[RECORDS FOR THE EXERCISE]

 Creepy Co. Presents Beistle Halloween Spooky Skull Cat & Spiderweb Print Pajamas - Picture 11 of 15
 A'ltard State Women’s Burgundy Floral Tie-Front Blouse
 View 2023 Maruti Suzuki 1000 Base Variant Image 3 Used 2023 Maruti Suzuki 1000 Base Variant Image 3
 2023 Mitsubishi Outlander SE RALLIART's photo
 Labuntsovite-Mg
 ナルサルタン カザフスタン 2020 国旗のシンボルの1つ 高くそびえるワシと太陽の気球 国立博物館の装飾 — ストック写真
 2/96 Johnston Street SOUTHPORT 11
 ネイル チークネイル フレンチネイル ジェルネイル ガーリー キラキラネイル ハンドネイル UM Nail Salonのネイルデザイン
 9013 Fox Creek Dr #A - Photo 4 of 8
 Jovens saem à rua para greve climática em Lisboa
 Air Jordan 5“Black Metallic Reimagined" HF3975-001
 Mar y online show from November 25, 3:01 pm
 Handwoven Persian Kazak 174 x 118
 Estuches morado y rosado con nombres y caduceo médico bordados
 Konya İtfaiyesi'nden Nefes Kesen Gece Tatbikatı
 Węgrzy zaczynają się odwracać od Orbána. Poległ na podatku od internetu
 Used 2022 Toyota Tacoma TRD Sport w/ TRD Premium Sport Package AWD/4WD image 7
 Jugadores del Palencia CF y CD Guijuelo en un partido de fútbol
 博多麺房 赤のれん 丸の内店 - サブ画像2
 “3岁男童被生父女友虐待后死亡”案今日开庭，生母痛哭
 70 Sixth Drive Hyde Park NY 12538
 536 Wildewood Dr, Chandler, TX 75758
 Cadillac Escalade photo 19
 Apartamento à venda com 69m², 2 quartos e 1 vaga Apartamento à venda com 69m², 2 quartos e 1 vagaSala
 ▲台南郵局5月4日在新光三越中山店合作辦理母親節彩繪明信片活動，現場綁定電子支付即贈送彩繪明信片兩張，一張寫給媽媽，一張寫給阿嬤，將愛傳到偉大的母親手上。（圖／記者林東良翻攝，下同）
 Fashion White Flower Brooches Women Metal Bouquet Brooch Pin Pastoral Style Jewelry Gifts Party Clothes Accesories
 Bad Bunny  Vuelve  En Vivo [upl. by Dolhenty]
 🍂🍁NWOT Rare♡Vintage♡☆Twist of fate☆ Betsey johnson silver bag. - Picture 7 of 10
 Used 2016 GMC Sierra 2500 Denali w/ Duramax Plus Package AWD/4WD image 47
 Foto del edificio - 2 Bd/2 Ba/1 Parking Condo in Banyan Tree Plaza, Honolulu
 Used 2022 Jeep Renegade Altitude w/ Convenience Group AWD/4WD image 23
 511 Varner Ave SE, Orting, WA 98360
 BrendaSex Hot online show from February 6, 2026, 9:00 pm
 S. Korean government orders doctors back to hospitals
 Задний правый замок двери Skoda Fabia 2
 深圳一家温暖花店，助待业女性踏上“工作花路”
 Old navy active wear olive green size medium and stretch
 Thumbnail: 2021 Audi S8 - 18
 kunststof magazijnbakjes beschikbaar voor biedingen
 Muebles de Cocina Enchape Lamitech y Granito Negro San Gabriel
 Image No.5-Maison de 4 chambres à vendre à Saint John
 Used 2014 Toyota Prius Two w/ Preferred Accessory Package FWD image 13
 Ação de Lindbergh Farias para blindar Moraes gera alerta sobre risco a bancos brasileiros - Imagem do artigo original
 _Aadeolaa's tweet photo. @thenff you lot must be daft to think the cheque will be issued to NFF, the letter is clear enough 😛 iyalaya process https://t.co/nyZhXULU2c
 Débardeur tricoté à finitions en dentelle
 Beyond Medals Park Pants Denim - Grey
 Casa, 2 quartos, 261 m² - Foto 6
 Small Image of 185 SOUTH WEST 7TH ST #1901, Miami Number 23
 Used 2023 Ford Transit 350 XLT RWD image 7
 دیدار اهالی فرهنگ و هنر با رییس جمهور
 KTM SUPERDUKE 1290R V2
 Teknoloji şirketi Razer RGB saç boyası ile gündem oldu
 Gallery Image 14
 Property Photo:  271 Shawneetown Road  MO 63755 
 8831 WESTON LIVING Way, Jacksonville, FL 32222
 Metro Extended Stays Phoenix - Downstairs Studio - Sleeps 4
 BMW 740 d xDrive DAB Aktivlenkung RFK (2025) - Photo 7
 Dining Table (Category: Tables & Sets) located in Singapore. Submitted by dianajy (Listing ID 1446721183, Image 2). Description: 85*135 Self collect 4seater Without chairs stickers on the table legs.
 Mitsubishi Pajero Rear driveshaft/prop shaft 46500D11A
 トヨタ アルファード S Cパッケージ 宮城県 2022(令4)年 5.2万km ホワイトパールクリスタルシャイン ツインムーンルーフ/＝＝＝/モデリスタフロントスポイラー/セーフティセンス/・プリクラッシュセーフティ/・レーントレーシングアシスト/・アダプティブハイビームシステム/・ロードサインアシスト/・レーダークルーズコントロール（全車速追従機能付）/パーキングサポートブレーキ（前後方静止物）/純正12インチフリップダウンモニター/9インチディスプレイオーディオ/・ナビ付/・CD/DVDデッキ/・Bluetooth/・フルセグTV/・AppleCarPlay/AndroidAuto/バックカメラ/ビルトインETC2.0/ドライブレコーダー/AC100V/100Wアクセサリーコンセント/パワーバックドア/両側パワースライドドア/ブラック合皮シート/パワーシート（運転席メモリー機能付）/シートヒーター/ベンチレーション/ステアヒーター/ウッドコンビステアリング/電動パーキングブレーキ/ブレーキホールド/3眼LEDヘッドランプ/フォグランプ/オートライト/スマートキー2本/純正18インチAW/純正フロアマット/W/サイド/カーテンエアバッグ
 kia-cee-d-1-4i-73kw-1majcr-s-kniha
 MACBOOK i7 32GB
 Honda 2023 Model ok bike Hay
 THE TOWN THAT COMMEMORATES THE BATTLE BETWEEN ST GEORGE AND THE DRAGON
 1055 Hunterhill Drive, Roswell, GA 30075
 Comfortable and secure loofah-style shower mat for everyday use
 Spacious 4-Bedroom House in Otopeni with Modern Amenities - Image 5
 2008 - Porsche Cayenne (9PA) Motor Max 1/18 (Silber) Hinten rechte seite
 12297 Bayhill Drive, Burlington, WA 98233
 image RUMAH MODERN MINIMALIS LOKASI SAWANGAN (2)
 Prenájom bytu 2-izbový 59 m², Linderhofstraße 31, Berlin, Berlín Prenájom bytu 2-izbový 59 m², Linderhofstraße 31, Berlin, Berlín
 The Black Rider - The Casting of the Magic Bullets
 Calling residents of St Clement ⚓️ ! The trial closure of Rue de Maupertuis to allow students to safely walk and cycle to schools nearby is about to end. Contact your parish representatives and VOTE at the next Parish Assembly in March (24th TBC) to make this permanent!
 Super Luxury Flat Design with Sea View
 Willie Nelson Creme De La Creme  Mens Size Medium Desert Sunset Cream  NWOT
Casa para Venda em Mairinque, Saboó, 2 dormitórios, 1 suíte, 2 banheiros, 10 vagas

[/RECORDS FOR THE EXERCISE]

WHAT YOU NEED TO DO: Copy out all of the records shown above exactly.

SOLUTION TO THIS TASK:
 Creepy Co. Presents Beistle Halloween Spooky Skull Cat & Spiderweb Print Pajamas - Picture 11 of 15
 A'ltard State Women’s Burgundy Floral Tie-Front Blouse
 View 2023 Maruti Suzuki 1000 Base Variant Image 3 Used 2023 Maruti Suzuki 1000 Base Variant Image 3
 2023 Mitsubishi Outlander SE RALLIART's photo
 Labuntsovite-Mg
 ナルサルタン カザフスタン 2020 国旗のシンボルの1つ 高くそびえるワシと太陽の気球 国立博物館の装飾 — ストック写真
 2/96 Johnston Street SOUTHPORT 11
 ネイル チークネイル フレンチネイル ジェルネイル ガーリー キラキラネイル ハンドネイル UM Nail Salonのネイルデザイン
 9013 Fox Creek Dr #A - Photo 4 of 8
 Jovens saem à rua para greve climática em Lisboa
 Air Jordan 5“Black Metallic Reimagined" HF3975-001
 Mar y online show from November 25, 3:01 pm
 Handwoven Persian Kazak 174 x 118
 Estuches morado y rosado con nombres y caduceo médico bordados
 Konya İtfaiyesi'nden Nefes Kesen Gece Tatbikatı
 Węgrzy zaczynają się odwracać od Orbána. Poległ na podatku od internetu
 Used 2022 Toyota Tacoma TRD Sport w/ TRD Premium Sport Package AWD/4WD image 7
 Jugadores del Palencia CF y CD Guijuelo en un partido de fútbol
 博多麺房 赤のれん 丸の内店 - サブ画像2
 “3岁男童被生父女友虐待后死亡”案今日开庭，生母痛哭
 70 Sixth Drive Hyde Park NY 12538
 536 Wildewood Dr, Chandler, TX 75758
 Cadillac Escalade photo 19
 Apartamento à venda com 69m², 2 quartos e 1 vaga Apartamento à venda com 69m², 2 quartos e 1 vagaSala
 ▲台南郵局5月4日在新光三越中山店合作辦理母親節彩繪明信片活動，現場綁定電子支付即贈送彩繪明信片兩張，一張寫給媽媽，一張寫給阿嬤，將愛傳到偉大的母親手上。（圖／記者林東良翻攝，下同）
 Fashion White Flower Brooches Women Metal Bouquet Brooch Pin Pastoral Style Jewelry Gifts Party Clothes Accesories
 Bad Bunny  Vuelve  En Vivo [upl. by Dolhenty]
 🍂🍁NWOT Rare♡Vintage♡☆Twist of fate☆ Betsey johnson silver bag. - Picture 7 of 10
 Used 2016 GMC Sierra 2500 Denali w/ Duramax Plus Package AWD/4WD image 47
 Foto del edificio - 2 Bd/2 Ba/1 Parking Condo in Banyan Tree Plaza, Honolulu
 Used 2022 Jeep Renegade Altitude w/ Convenience Group AWD/4WD image 23
 511 Varner Ave SE, Orting, WA 98360
 BrendaSex Hot online show from February 6, 2026, 9:00 pm
 S. Korean government orders doctors back to hospitals
 Задний правый замок двери Skoda Fabia 2
 深圳一家温暖花店，助待业女性踏上“工作花路”
 Old navy active wear olive green size medium and stretch
 Thumbnail: 2021 Audi S8 - 18
 kunststof magazijnbakjes beschikbaar voor biedingen
 Muebles de Cocina Enchape Lamitech y Granito Negro San Gabriel
 Image No.5-Maison de 4 chambres à vendre à Saint John
 Used 2014 Toyota Prius Two w/ Preferred Accessory Package FWD image 13
 Ação de Lindbergh Farias para blindar Moraes gera alerta sobre risco a bancos brasileiros - Imagem do artigo original
 _Aadeolaa's tweet photo. @thenff you lot must be daft to think the cheque will be issued to NFF, the letter is clear enough 😛 iyalaya process https://t.co/nyZhXULU2c
 Débardeur tricoté à finitions en dentelle
 Beyond Medals Park Pants Denim - Grey
 Casa, 2 quartos, 261 m² - Foto 6
 Small Image of 185 SOUTH WEST 7TH ST #1901, Miami Number 23
 Used 2023 Ford Transit 350 XLT RWD image 7
 دیدار اهالی فرهنگ و هنر با رییس جمهور
 KTM SUPERDUKE 1290R V2
 Teknoloji şirketi Razer RGB saç boyası ile gündem oldu
 Gallery Image 14
 Property Photo:  271 Shawneetown Road  MO 63755 
 8831 WESTON LIVING Way, Jacksonville, FL 32222
 Metro Extended Stays Phoenix - Downstairs Studio - Sleeps 4
 BMW 740 d xDrive DAB Aktivlenkung RFK (2025) - Photo 7
 Dining Table (Category: Tables & Sets) located in Singapore. Submitted by dianajy (Listing ID 1446721183, Image 2). Description: 85*135 Self collect 4seater Without chairs stickers on the table legs.
 Mitsubishi Pajero Rear driveshaft/prop shaft 46500D11A
 トヨタ アルファード S Cパッケージ 宮城県 2022(令4)年 5.2万km ホワイトパールクリスタルシャイン ツインムーンルーフ/＝＝＝/モデリスタフロントスポイラー/セーフティセンス/・プリクラッシュセーフティ/・レーントレーシングアシスト/・アダプティブハイビームシステム/・ロードサインアシスト/・レーダークルーズコントロール（全車速追従機能付）/パーキングサポートブレーキ（前後方静止物）/純正12インチフリップダウンモニター/9インチディスプレイオーディオ/・ナビ付/・CD/DVDデッキ/・Bluetooth/・フルセグTV/・AppleCarPlay/AndroidAuto/バックカメラ/ビルトインETC2.0/ドライブレコーダー/AC100V/100Wアクセサリーコンセント/パワーバックドア/両側パワースライドドア/ブラック合皮シート/パワーシート（運転席メモリー機能付）/シートヒーター/ベンチレーション/ステアヒーター/ウッドコンビステアリング/電動パーキングブレーキ/ブレーキホールド/3眼LEDヘッドランプ/フォグランプ/オートライト/スマートキー2本/純正18インチAW/純正フロアマット/W/サイド/カーテンエアバッグ
 kia-cee-d-1-4i-73kw-1majcr-s-kniha
 MACBOOK i7 32GB
 Honda 2023 Model ok bike Hay
 THE TOWN THAT COMMEMORATES THE BATTLE BETWEEN ST GEORGE AND THE DRAGON
 1055 Hunterhill Drive, Roswell, GA 30075
 Comfortable and secure loofah-style shower mat for everyday use
 Spacious 4-Bedroom House in Otopeni with Modern Amenities - Image 5
 2008 - Porsche Cayenne (9PA) Motor Max 1/18 (Silber) Hinten rechte seite
 12297 Bayhill Drive, Burlington, WA 98233
 image RUMAH MODERN MINIMALIS LOKASI SAWANGAN (2)
 Prenájom bytu 2-izbový 59 m², Linderhofstraße 31, Berlin, Berlín Prenájom bytu 2-izbový 59 m², Linderhofstraße 31, Berlin, Berlín
 The Black Rider - The Casting of the Magic Bullets
 Calling residents of St Clement ⚓️ ! The trial closure of Rue de Maupertuis to allow students to safely walk and cycle to schools nearby is about to end. Contact your parish representatives and VOTE at the next Parish Assembly in March (24th TBC) to make this permanent!
 Super Luxury Flat Design with Sea View
 Willie Nelson Creme De La Creme  Mens Size Medium Desert Sunset Cream  NWOT
Casa para Venda em Mairinque, Saboó, 2 dormitórios, 1 suíte, 2 banheiros, 10 vagas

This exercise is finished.